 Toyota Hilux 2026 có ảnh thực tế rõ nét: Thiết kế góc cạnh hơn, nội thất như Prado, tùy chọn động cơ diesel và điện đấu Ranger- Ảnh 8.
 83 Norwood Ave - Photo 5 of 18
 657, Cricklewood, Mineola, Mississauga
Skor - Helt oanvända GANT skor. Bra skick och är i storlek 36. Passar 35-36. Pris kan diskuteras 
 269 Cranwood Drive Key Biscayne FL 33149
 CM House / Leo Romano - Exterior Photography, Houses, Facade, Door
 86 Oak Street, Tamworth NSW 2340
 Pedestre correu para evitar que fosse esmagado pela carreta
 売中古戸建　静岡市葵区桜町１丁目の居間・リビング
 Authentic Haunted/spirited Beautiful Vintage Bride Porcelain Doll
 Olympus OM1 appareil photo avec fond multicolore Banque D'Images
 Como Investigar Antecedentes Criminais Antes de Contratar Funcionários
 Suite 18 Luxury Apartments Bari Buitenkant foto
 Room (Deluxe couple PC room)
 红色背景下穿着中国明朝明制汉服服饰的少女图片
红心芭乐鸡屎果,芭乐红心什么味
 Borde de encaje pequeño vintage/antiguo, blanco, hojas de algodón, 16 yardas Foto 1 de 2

• **Problem requirements**: Take the material above and set it down again exactly.

• **Completed exercise**:
 Toyota Hilux 2026 có ảnh thực tế rõ nét: Thiết kế góc cạnh hơn, nội thất như Prado, tùy chọn động cơ diesel và điện đấu Ranger- Ảnh 8.
 83 Norwood Ave - Photo 5 of 18
 657, Cricklewood, Mineola, Mississauga
Skor - Helt oanvända GANT skor. Bra skick och är i storlek 36. Passar 35-36. Pris kan diskuteras 
 269 Cranwood Drive Key Biscayne FL 33149
 CM House / Leo Romano - Exterior Photography, Houses, Facade, Door
 86 Oak Street, Tamworth NSW 2340
 Pedestre correu para evitar que fosse esmagado pela carreta
 売中古戸建　静岡市葵区桜町１丁目の居間・リビング
 Authentic Haunted/spirited Beautiful Vintage Bride Porcelain Doll
 Olympus OM1 appareil photo avec fond multicolore Banque D'Images
 Como Investigar Antecedentes Criminais Antes de Contratar Funcionários
 Suite 18 Luxury Apartments Bari Buitenkant foto
 Room (Deluxe couple PC room)
 红色背景下穿着中国明朝明制汉服服饰的少女图片
红心芭乐鸡屎果,芭乐红心什么味
 Borde de encaje pequeño vintage/antiguo, blanco, hojas de algodón, 16 yardas Foto 1 de 2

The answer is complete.